SPD Server efficiently indexes tables of varying size and data distributions. The SPD Server SPD index supports queries that require global table views (such as queries that contain BY clause processing or SQL joins), or queries that require segmented views (such as parallel processing of WHERE clause statements).

The SPD Server Index

The SPD Server index maintains two views of the index values: a global view and a segmented view. SPD Server maintains the global view by using a unique global B-tree that has a single entry for each discrete value. The segmented view is maintained by the data for each value in the global B-tree, which includes a list of segments that contain the value, and includes for each segment a bitmap that identifies which rows in the segment contain the value. The global view is maintained in the SPD Server index.hbx file, and the segmented data is maintained in the SPD Server index.idx file.
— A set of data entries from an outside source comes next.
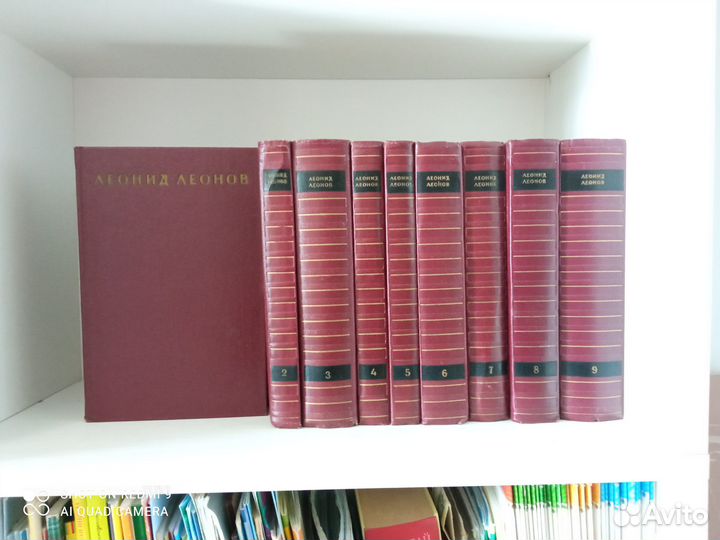 Книги Леонид Леонов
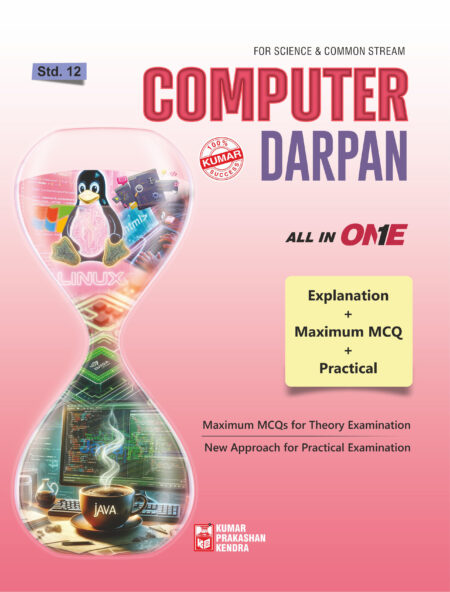 Std-12 Computer Darpan (English Medium)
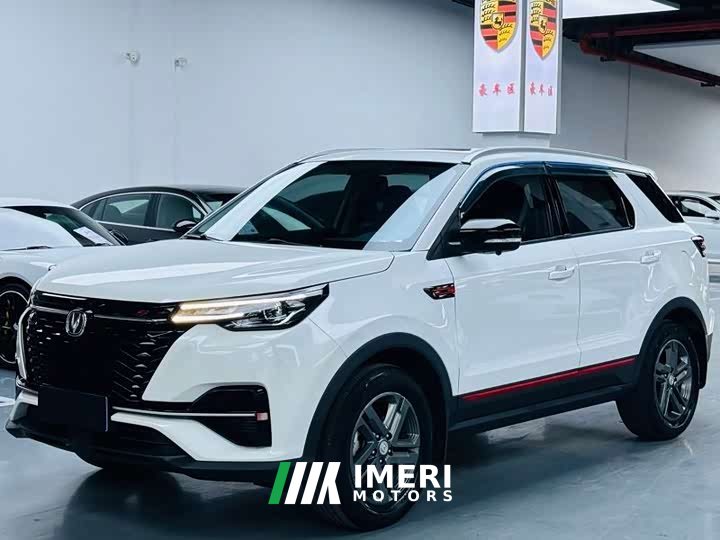 Changan CS55PLUS Blue Whale Edition 1.5T Manual Luxury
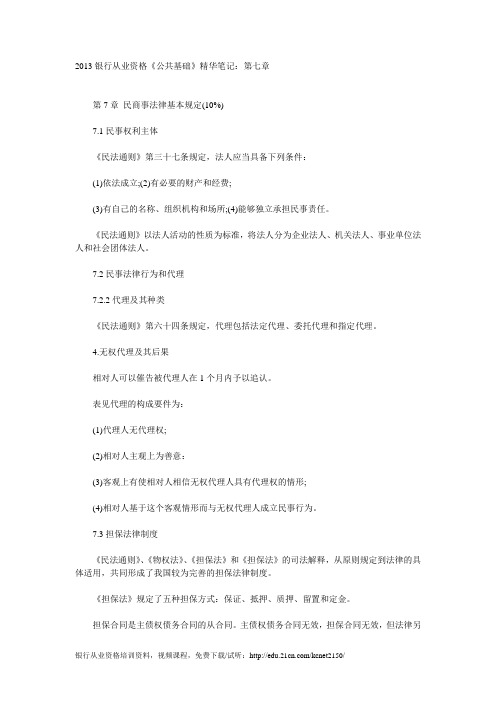 2013银行从业资格《公共基础》精华笔记：第七章
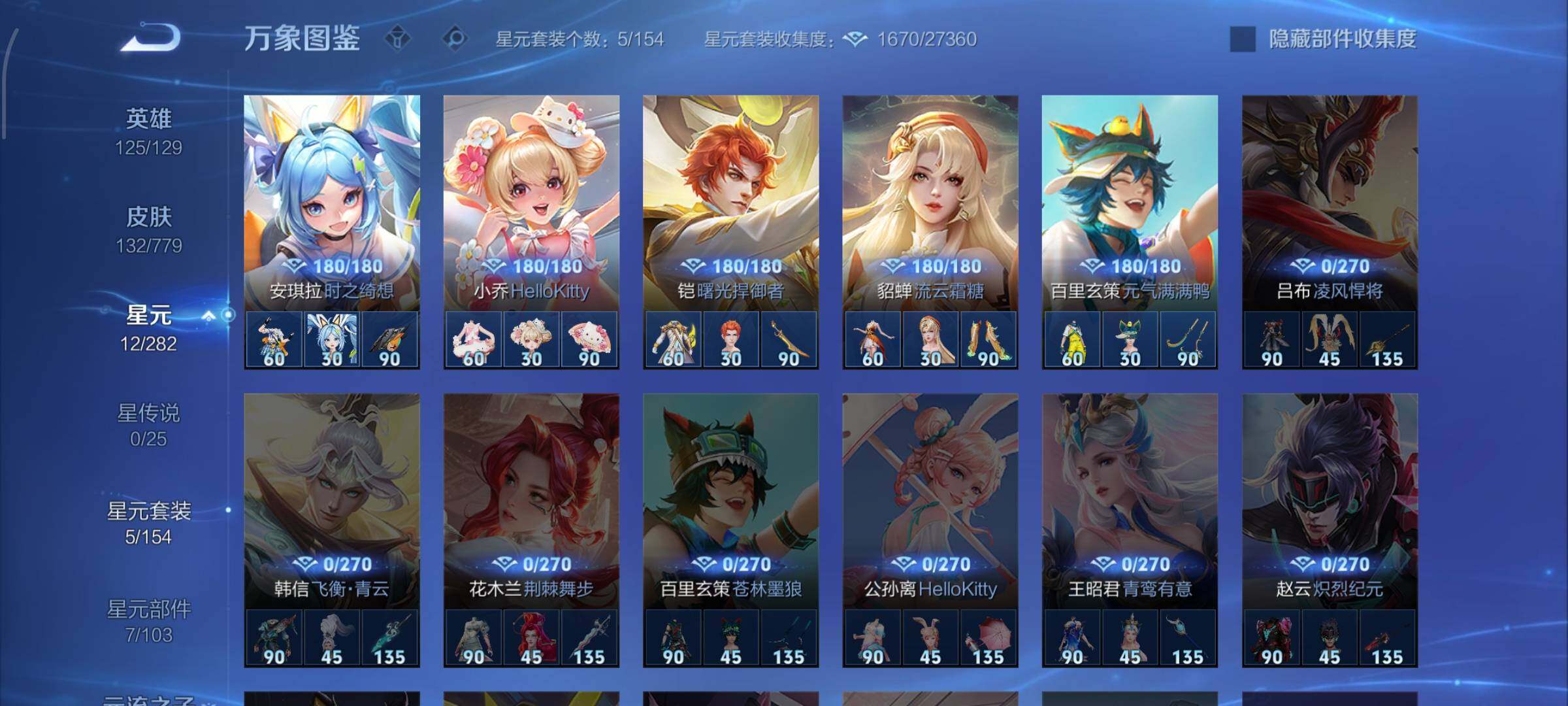 WZCMW4163611王者荣耀账号详情图9 WZCMW4163611王者荣耀账号详情图9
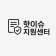 프로필 사진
For queries that require a global view, SPD Server searches the hybrid global B-tree for a particular value. SPD Server scans the segment lists for the value, and then reads the bitmaps from each segment that contains the value. SPD Server uses the bitmap to locate and retrieve the observations for that segment. This type of query returns results sorted first by value and then by observation number. This sorting is optimal for BY clause processing and SQL joins.
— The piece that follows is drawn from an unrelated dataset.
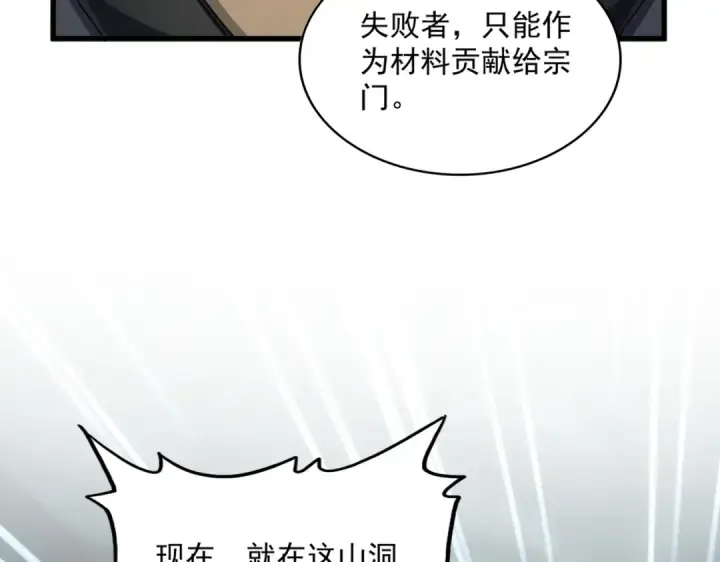 《魔皇大管家》第556话 开打开打！图98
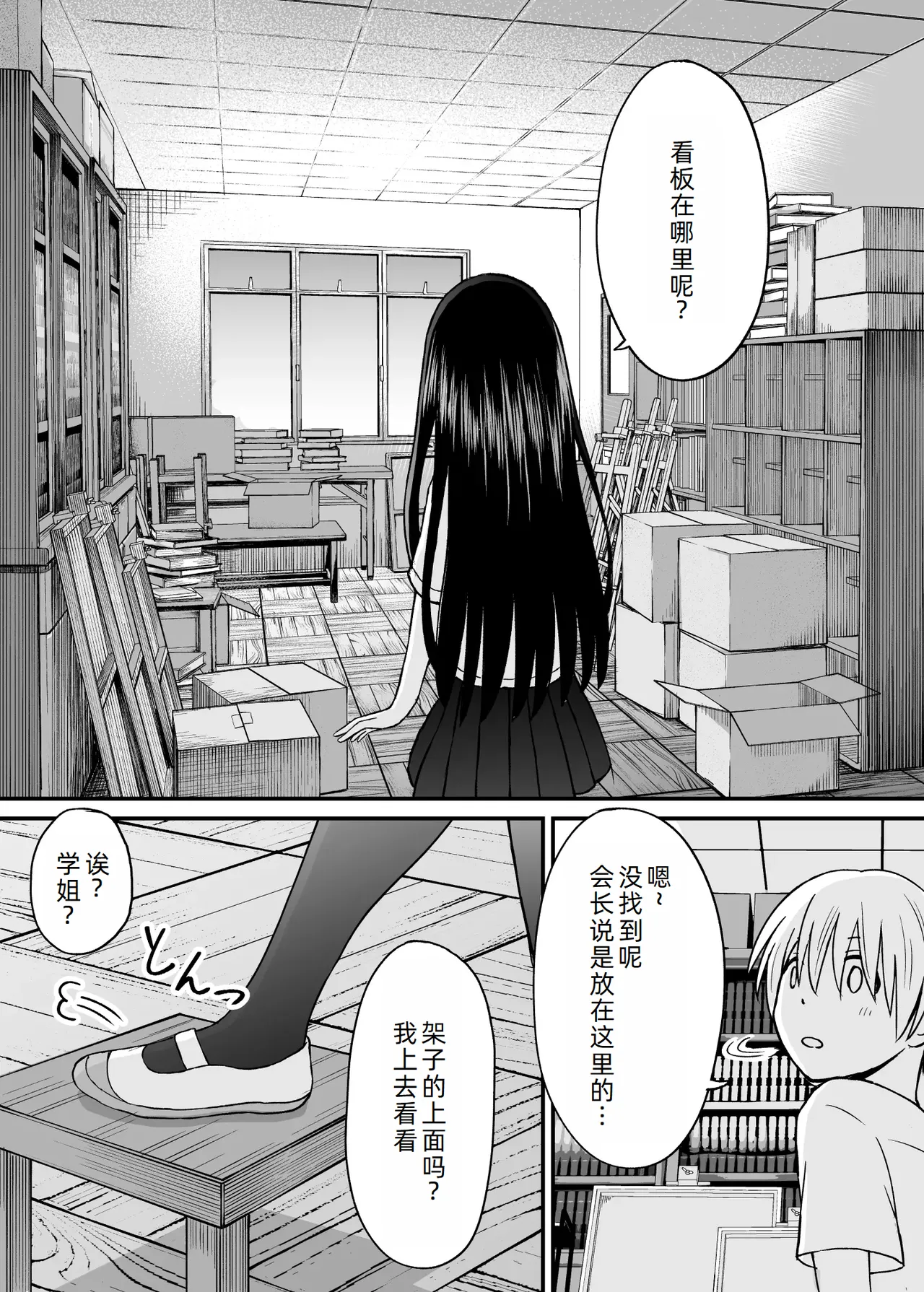 Himejima Senpai wa Ecchi ni Kyomi Shinshin page 6 full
A parallel WHERE clause on a table that is indexed is done in two phases. The first phase, pre-evaluation, uses the SPD Server indexes to build a list of segments that satisfy the query. The list drops segments from the WHERE clause scan queue when those segments contain no data in the clause range. As more and more segments are excluded from the scan queue, the benefit of the pre-evaluation phase increases proportionally. The second phase in the evaluation launches threads that read an index in parallel. Each thread queries a particular segment of the index, using information from the pre-evaluation phase. The thread uses the SPD Server index to read the segment bitmap. The per-segment bitmaps identify the segment rows that satisfy the query for that particular column. If you include more than one indexed column in the WHERE clause, SPD Server retrieves the per-segment bitmaps for each column in parallel (as are the segments for each column). After SPD Server retrieves all the bitmaps for each column of the segment, it determines which rows satisfy the query and returns those segment rows to the client. The multi-threaded per-segment queries begin execution at the same time, but their finishing order varies and cannot be reasonably predicted. As a result, the overall order of the results cannot be guaranteed when you are using this type of query. For more information about using indexed columns with WHERE clause evaluations, see WHERE Clause Planner.
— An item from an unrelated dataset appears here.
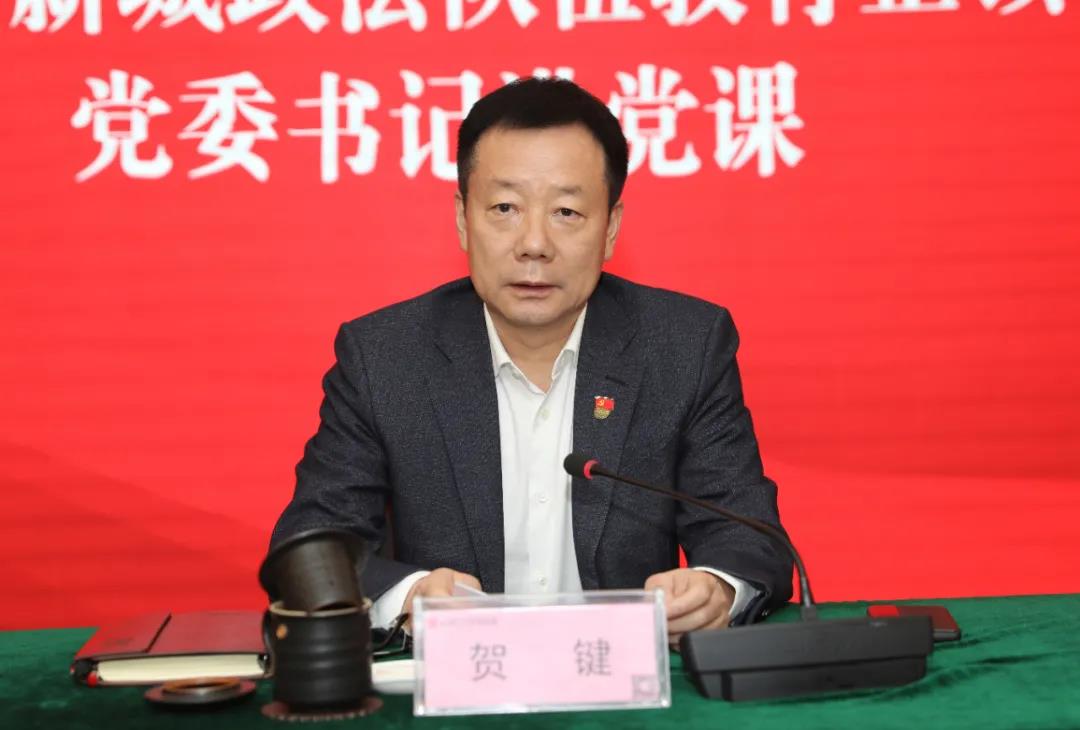 贺键指出,新城政法队伍要始终把握铸魂,固本,赋能,民心"四个工程"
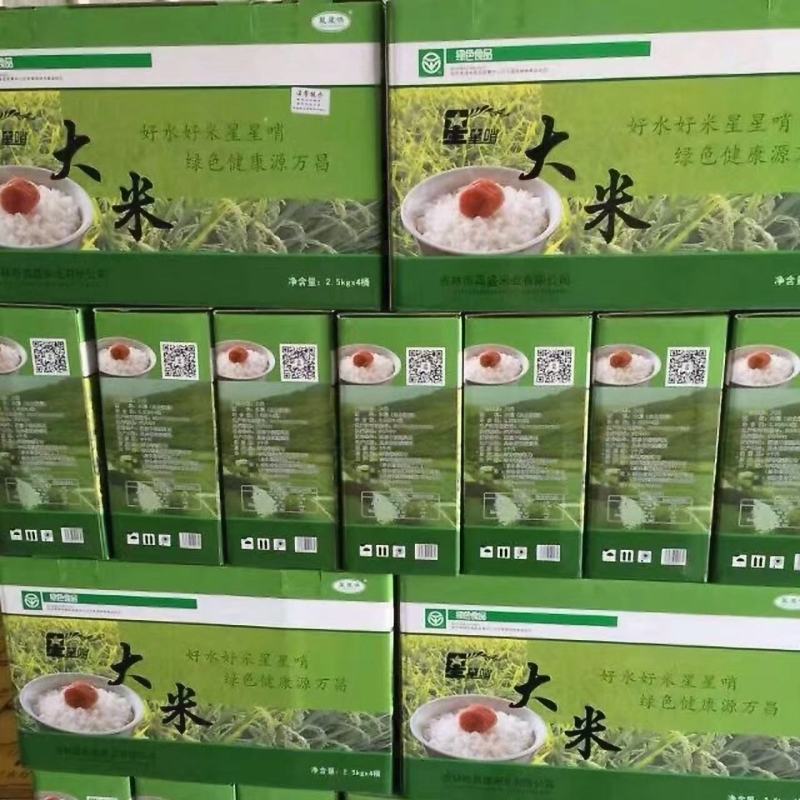 东北大米，小町米，吉林万昌特产，新米一级，厂家直销批发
When a table is modified as the result of an append or update, all SPD Server indexes on the table are updated. When the index is updated, the per-value segment lists can potentially fragment or some disk space might be wasted. A highly fragmented SPD Server index can negatively impact the performance of queries that use the index. In this case, you should reorganize the index to eliminate the fragmentation and reclaim wasted disk space, using the ixutil utility program. For more information about SPD Server index utilities, see Managing SAS Scalable Performance Data (SPD) Server Passwords and Users in SAS Scalable Performance Data Server: Administrator's Guide.